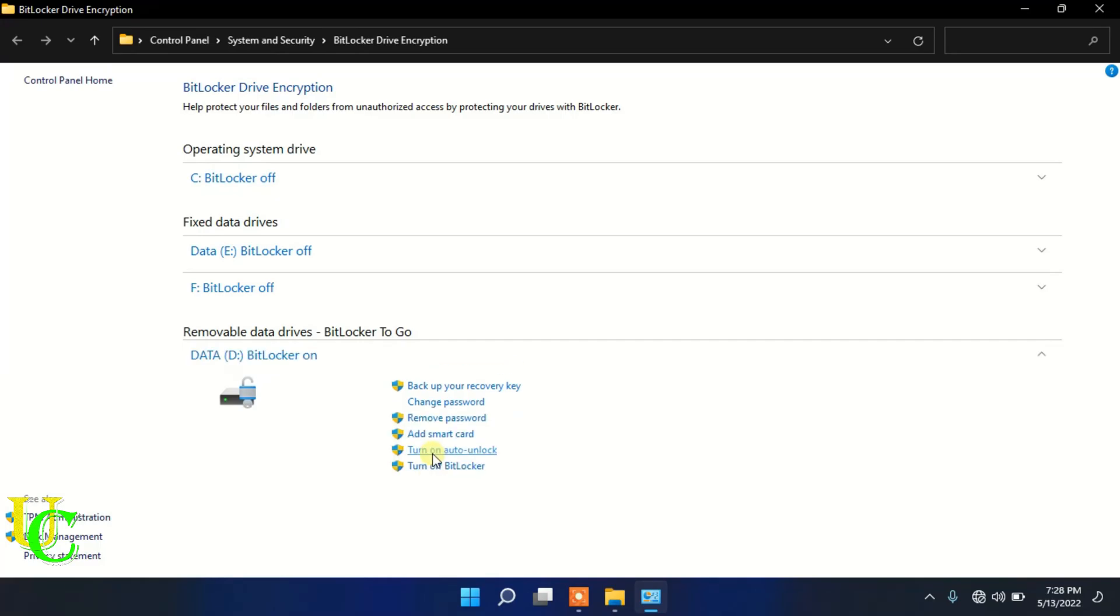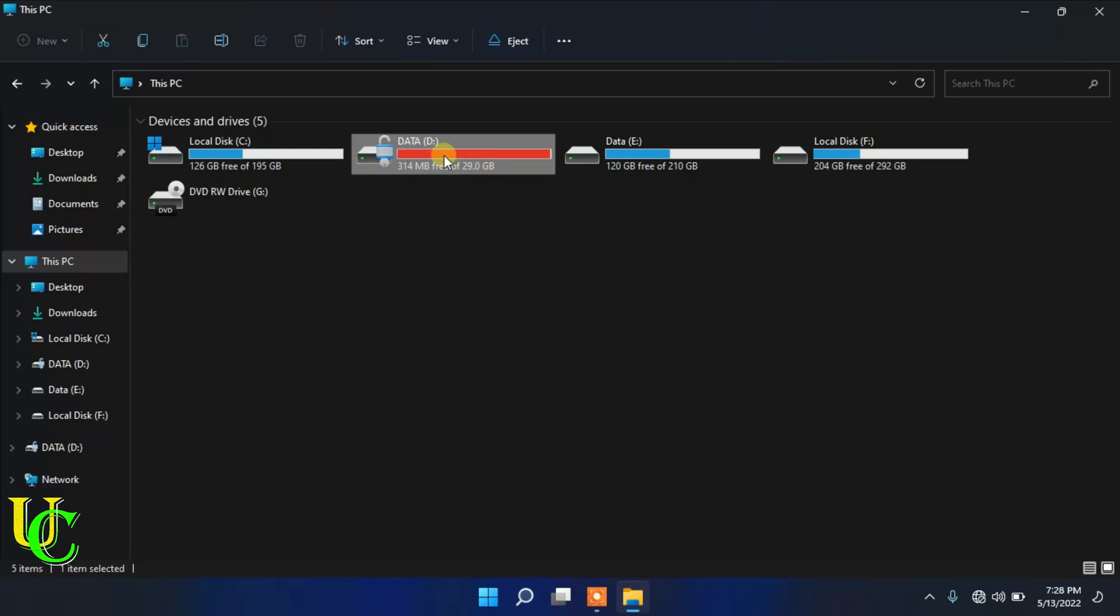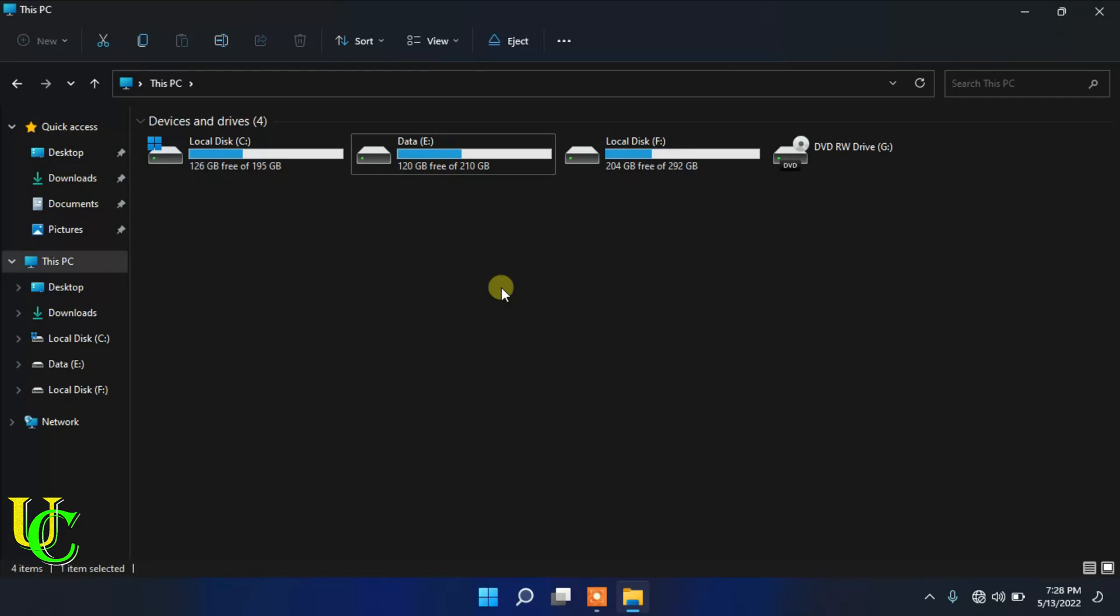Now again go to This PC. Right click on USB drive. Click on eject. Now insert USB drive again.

==========

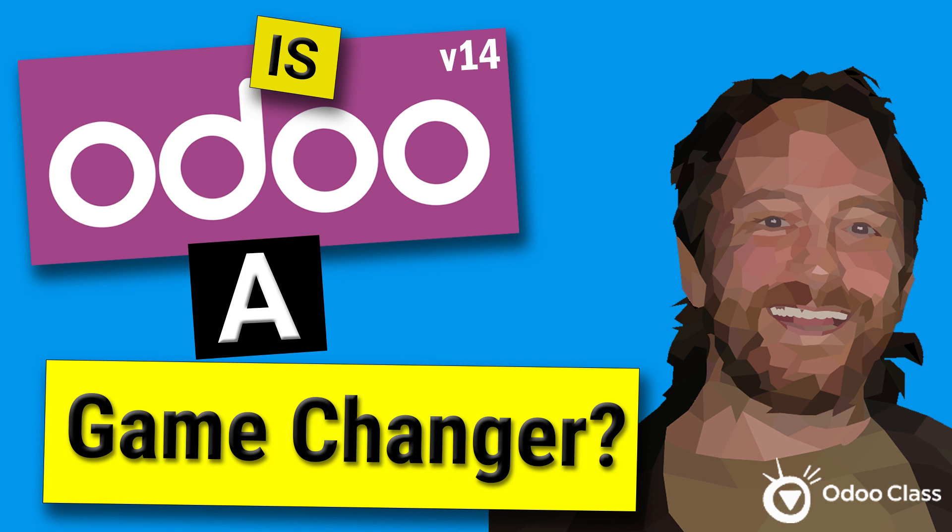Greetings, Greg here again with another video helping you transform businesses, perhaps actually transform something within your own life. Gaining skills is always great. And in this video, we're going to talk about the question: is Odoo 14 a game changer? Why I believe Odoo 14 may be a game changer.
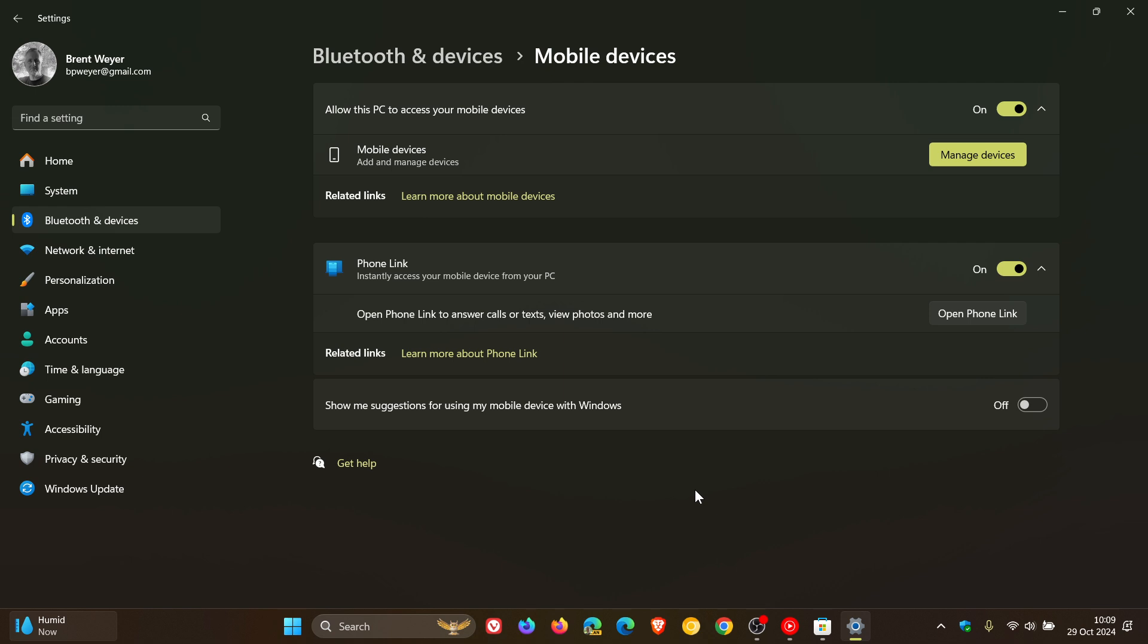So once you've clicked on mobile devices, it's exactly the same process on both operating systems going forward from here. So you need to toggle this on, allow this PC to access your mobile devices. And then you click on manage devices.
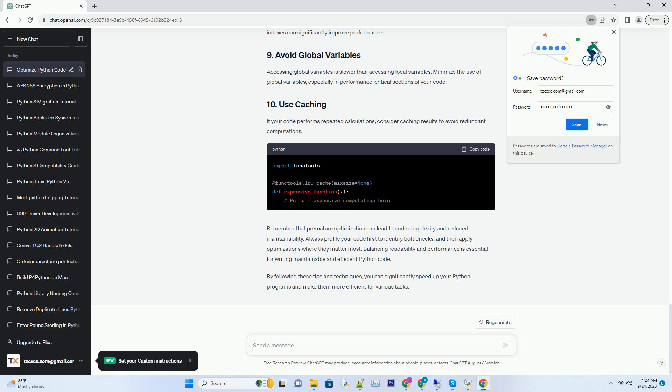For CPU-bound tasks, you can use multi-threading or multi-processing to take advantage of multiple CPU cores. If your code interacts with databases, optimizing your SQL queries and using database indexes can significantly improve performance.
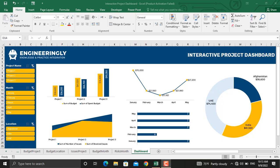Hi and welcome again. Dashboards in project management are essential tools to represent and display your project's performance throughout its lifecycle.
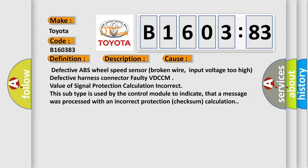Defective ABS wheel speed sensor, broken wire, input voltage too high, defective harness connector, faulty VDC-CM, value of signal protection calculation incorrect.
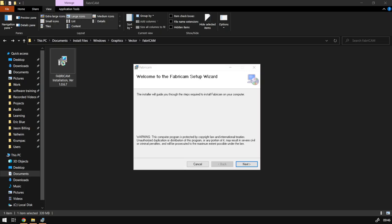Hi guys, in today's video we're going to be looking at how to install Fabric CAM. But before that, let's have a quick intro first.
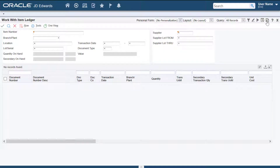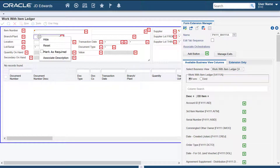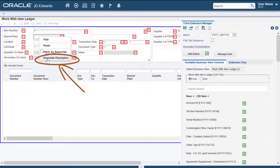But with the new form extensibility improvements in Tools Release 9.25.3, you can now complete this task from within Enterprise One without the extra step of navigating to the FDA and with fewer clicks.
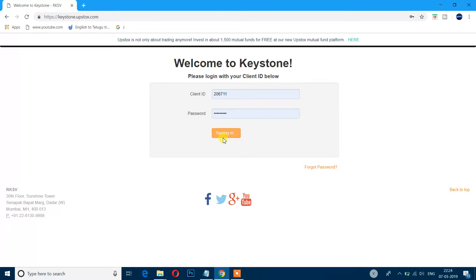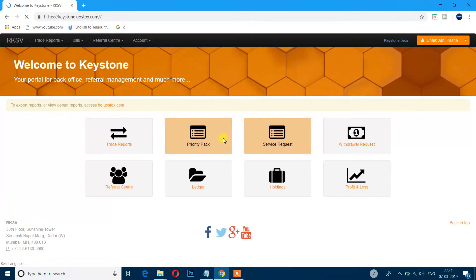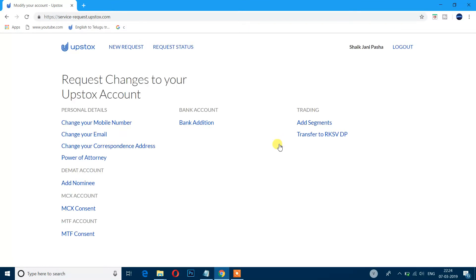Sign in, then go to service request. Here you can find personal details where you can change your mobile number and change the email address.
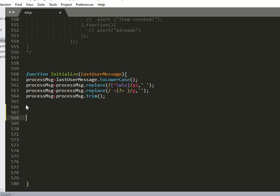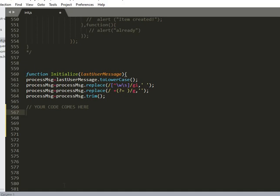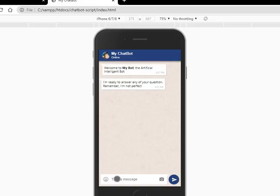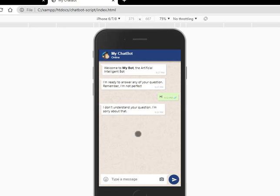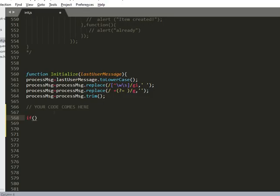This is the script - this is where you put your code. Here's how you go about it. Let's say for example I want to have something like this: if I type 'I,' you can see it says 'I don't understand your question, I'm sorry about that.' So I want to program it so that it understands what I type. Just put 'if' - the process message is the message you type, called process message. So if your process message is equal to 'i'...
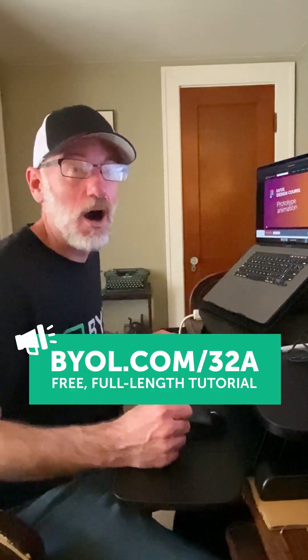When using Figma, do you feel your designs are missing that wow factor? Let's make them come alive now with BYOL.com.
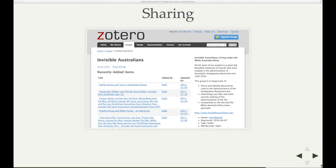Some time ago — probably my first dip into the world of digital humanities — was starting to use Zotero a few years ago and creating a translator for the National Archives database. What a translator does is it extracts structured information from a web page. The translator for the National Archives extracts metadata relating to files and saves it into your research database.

==========

__PROBLEM REQUIREMENTS__
Return, exactly as they stand, the lines above from the one with "Greetings, Greg here" to the one with "Hi and welcome", omitting any pictures among them.

__TASK OUTPUT__
Greetings, Greg here again with another video helping you transform businesses, perhaps actually transform something within your own life. Gaining skills is always great. And in this video, we're going to talk about the question: is Odoo 14 a game changer? Why I believe Odoo 14 may be a game changer.
So once you've clicked on mobile devices, it's exactly the same process on both operating systems going forward from here. So you need to toggle this on, allow this PC to access your mobile devices. And then you click on manage devices.
For CPU-bound tasks, you can use multi-threading or multi-processing to take advantage of multiple CPU cores. If your code interacts with databases, optimizing your SQL queries and using database indexes can significantly improve performance.
Hi and welcome again. Dashboards in project management are essential tools to represent and display your project's performance throughout its lifecycle.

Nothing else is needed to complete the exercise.